Efficiency guide

If you’re using Conveyor, you’re using it because you want to squeeze every possible drop of performance out of your application. This should serve as a short guide of performance-breaking scenarios and how to avoid them.

Run pipelines using with statements

Pipelines can be run in two different ways, as demonstrated with the code snippets below:

pl = Pipeline()
pl.add(job)

pl.run([data, data2, data3])
pl.run([data4, data5, data6])

or…

with Pipeline() as pl:
    pl.add(job)

    pl.run([data, data2, data3])
    pl.run([data4, data5, data6])

When running a pipeline multiple times, Conveyor encourages users to use the second option described above. In the first case, heavyweight processes are created and killed (called ‘opening’ and ‘closing’ the pipeline, respectively) at the start and end of each invocation of .run().

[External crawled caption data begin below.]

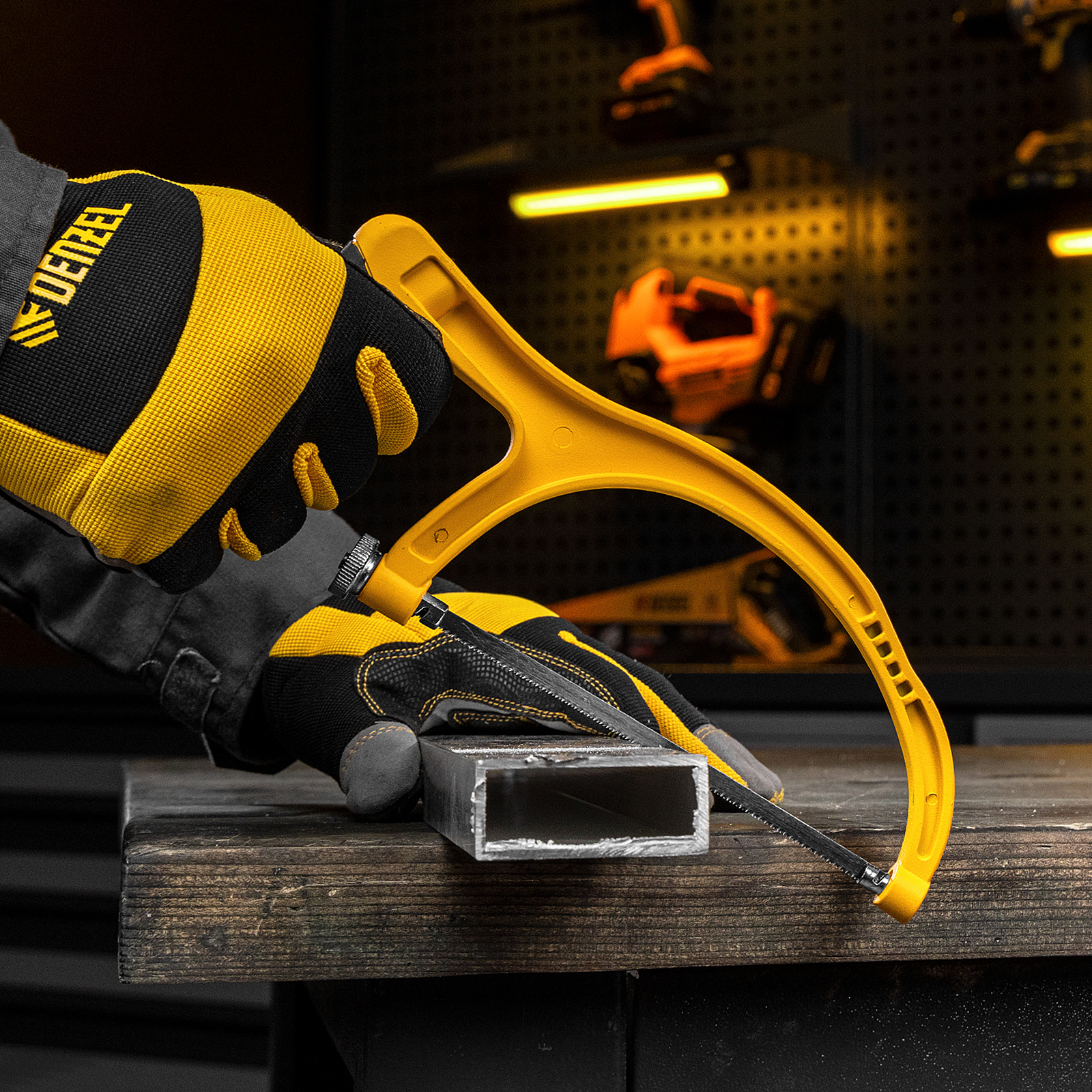 Набор инструментов, 1/2", 1/4", CrV, S2, пластиковый кейс, 100 предметов Denzel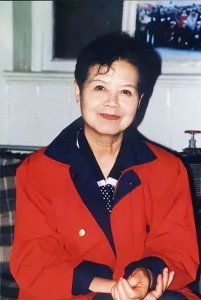 ​中国首位电视播音员沈力：丈夫患癌去世后嫁初恋，她对儿子有愧疚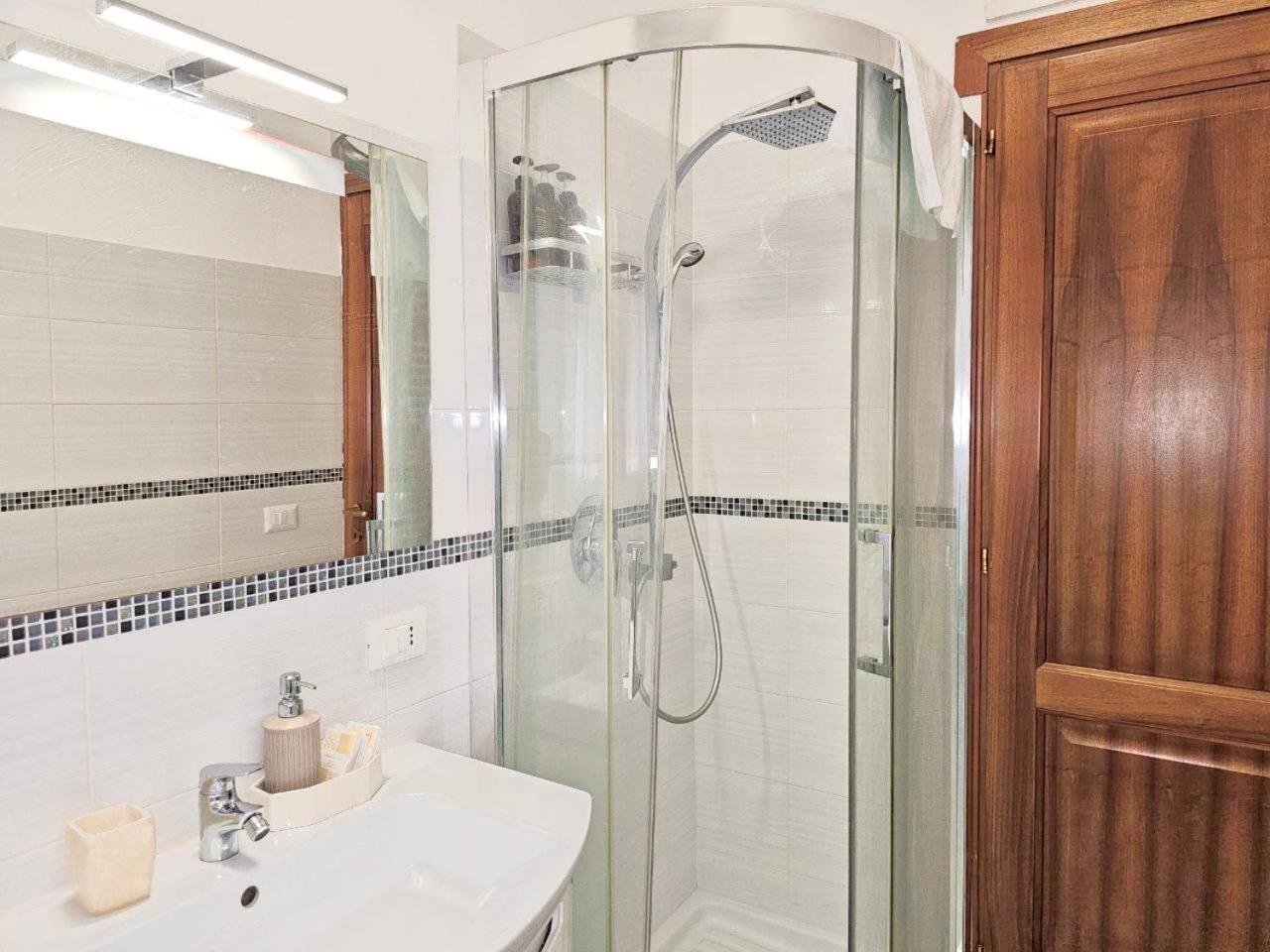 Apartment 10 Minuti Da Stazione Trastevere Rome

This is disadvantageous, because creating and killing processes takes a large length of time. It would be much better to create the processes in the pipeline, use them on the first invocation of .run(), keep them running, and then use them again on the second invocation of .run(). This is what the second case does, where the pipeline is implicitly opened and closed at the start and end of the with statement.

Use shared memory for read-only data

Passing large quantities of data between processors is expensive. It’s advantageous to use a read-only memory cache whenever feasible. See the shared memory guide for more details.